Afghans brace for return of Taliban’s brutal rule
Across Afghanistan, millions of women and girls and men fear the fate that awaits them after the last coalition troops leave.
In a district just outside Afghanistan’s western city of Herat this month, a burka-cloaked woman screamed in pain as she was flogged in the dirt inside a large circle of men for the alleged crime of adultery.
If not for the dozens of people holding camera phones aloft to capture her agony, the video — which has sparked outrage among Afghans on social media — could just as easily have been taken two decades ago, before the Taliban’s last brutal and arcane Islamic rule was overthrown.
Across Afghanistan, millions of women and girls and men fear the fate that awaits them after the last US and NATO troops withdraw from the strife-torn country on September 11.
“It shows the Taliban have not changed at all and that Afghanistan’s changing society means nothing to them,” Ahmad Shuja, the country’s National Security Council director-general of regional co-operation, told The Weekend Australian of the video that went viral this week.
“What matters to them is their subscription to what they believe to be Islamic precepts. And their definition of Islamic precepts has not changed since 2001.”
Fawzia Koofi, an Afghan politician and one of only four women (out of 21 government negotiators) participating in peace talks between Kabul and the Taliban, says the US troop withdrawal jeopardises those peace talks and the safety of millions of women and girls.
“What we had hoped was the withdrawal would happen when there was political agreement between the government and Taliban,” she says. “Then the withdrawal would have been safe for the US and allies, but now the Taliban know it will be on September 11 they already feel victorious because they feel they will win militarily and politically.
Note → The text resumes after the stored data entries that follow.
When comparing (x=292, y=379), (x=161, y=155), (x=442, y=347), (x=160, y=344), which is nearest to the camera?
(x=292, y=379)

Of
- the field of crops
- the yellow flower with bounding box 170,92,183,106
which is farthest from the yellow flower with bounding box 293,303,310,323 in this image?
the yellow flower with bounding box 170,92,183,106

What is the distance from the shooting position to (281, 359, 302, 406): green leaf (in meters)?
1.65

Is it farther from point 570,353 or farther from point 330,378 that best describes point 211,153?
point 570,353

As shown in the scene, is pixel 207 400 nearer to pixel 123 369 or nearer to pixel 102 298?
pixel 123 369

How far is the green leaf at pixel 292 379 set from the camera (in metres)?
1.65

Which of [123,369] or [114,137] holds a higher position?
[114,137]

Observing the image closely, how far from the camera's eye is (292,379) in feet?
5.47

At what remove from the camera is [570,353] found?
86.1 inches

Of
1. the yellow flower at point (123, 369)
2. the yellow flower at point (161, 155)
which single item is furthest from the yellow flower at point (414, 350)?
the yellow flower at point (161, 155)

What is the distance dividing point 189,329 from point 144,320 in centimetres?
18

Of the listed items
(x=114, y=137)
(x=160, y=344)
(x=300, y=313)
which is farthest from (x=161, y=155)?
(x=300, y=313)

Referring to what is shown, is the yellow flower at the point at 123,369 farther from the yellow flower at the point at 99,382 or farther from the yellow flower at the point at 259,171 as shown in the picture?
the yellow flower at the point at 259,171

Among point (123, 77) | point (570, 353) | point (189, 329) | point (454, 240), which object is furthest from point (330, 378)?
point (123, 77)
If women are not safe, in general the country will not be stable.”
Like many, Ms Koofi believes the Trump administration’s February 2020 Doha agreement with the Taliban left Kabul with little leverage and the insurgents with no incentive to negotiate a post-US withdrawal power-sharing deal.
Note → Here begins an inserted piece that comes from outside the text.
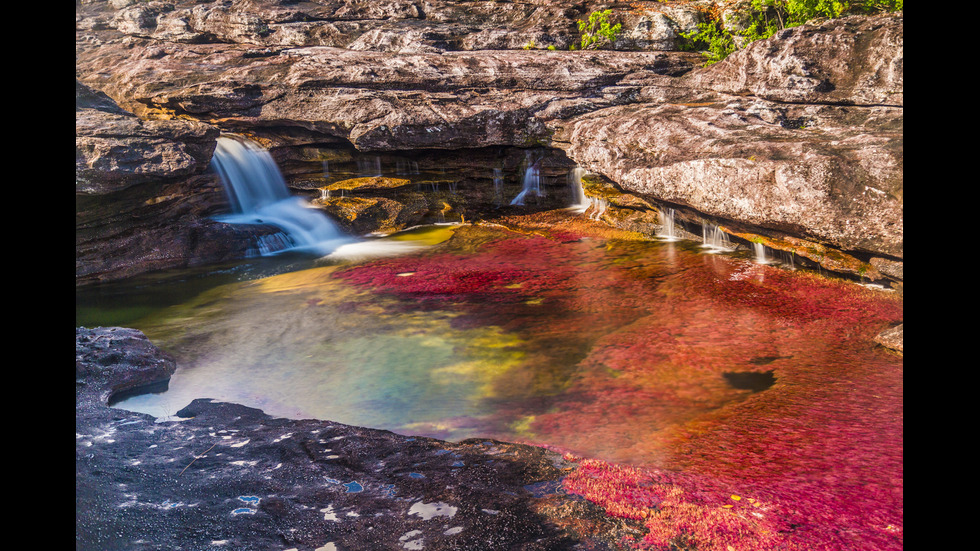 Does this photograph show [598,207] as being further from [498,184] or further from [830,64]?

In just 14 months since the US struck its deal with the Taliban — to withdraw from Afghanistan on condition the Taliban reduce violent attacks, split with al-Qa’ida and make progress towards a peace settlement — she says 400 professional women have been killed in targeted assassinations. Ms Koofi was also targeted last August, shot in the arm by would-be assassins while returning from northern Parwan province. She turned up to peace talks days later with her arm in a cast.
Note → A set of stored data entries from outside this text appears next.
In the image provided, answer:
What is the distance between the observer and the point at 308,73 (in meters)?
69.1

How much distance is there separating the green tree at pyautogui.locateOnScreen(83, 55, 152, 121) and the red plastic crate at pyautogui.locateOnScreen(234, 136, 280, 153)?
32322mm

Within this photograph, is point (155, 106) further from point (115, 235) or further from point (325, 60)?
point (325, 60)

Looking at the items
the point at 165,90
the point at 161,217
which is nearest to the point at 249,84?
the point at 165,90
“We know women’s rights activists, judges, journalists, professional women are being targeted. Post-withdrawal, when institutions become weak, the fear is the collapse of those institutions will result in even more chaos and a deteriorating security situation,” she told The Weekend Australian.
“We know how the Taliban treated women while they were in power so we have asked for a 30 per cent quota for women in all of the peace talks.”
The Taliban have backed out of the next round of peace talks scheduled for April 24 in Turkey, and have warned of even more violence unless the US adheres to the Trump administration’s May 1 withdrawal date.
Mariam Alimi is not sticking around for that, and is now in Istanbul trying to secure a residency visa for when the last Western troops pull out.
The 41-year-old photojournalist says she is far from alone, and that many friends are in Istanbul doing the same thing.
“I just decided I needed to be able to move somewhere else in case the situation gets worse,” Ms Alimi said.
“We have to think like this now, two steps ahead.”
Ms Alimi says she too worries about the lack of women involved in the peace process and about who will stand up and ask: “Why do I have to sacrifice and suffer from all the plans you’re making for me?”
Sima Samar, a veteran rights defender and Afghanistan’s human rights minister until last December when — inexplicably — the ministry was dissolved, says that after two decades of struggle for recognition and basic rights, Afghan women must start that battle all over again.
Dr Samar says many Afghans were shocked at America’s failure to honour its commitment to a conditions-based withdrawal and the best they can hope for now is that international stakeholders in the peace talks — particularly the US, China, Russia, Pakistan and Iran — apply enough pressure on the Taliban that it agree to a peace settlement before September.
“There is no doubt we have made a lot of progress, compared to the Taliban and Mujaheddin time, even though it’s not complete. We will just continue our fight — if they don’t kill us first,” she says with a wry laugh. “What choice do we have? We should not allow everything to fall.”